(Given information begins)

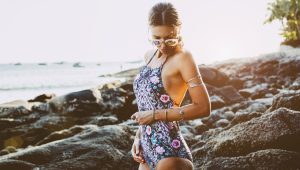 fille en monokini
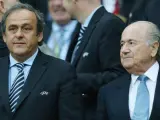 Platini, presidente de la UEFA, junto a Joseph Blatter, máximo dirigente de la FIFA.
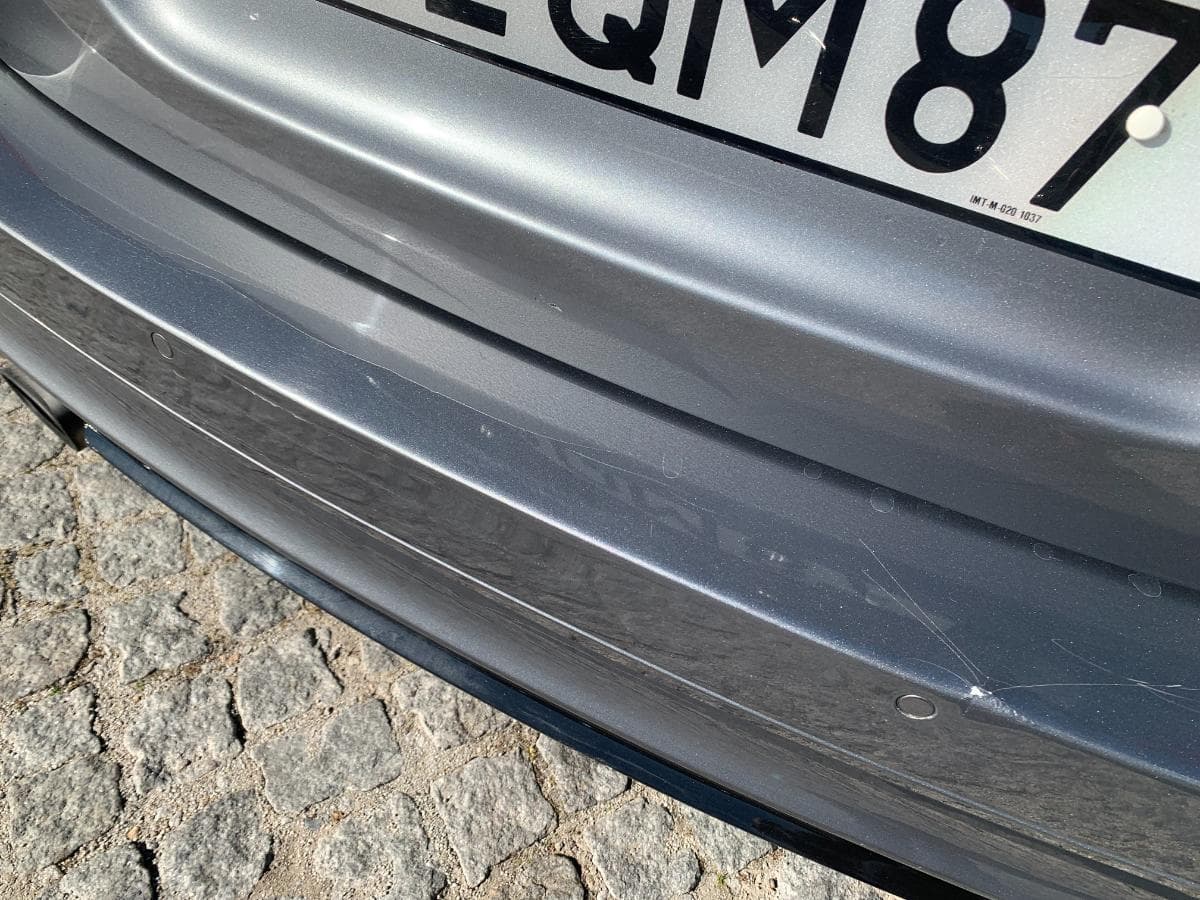 BMW 320D Touring · Ano 2010 — imagem 17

(Given information ends)

The copy must match the listing above exactly but contain no pictures.

» Finished task
 fille en monokini
 Platini, presidente de la UEFA, junto a Joseph Blatter, máximo dirigente de la FIFA.
 BMW 320D Touring · Ano 2010 — imagem 17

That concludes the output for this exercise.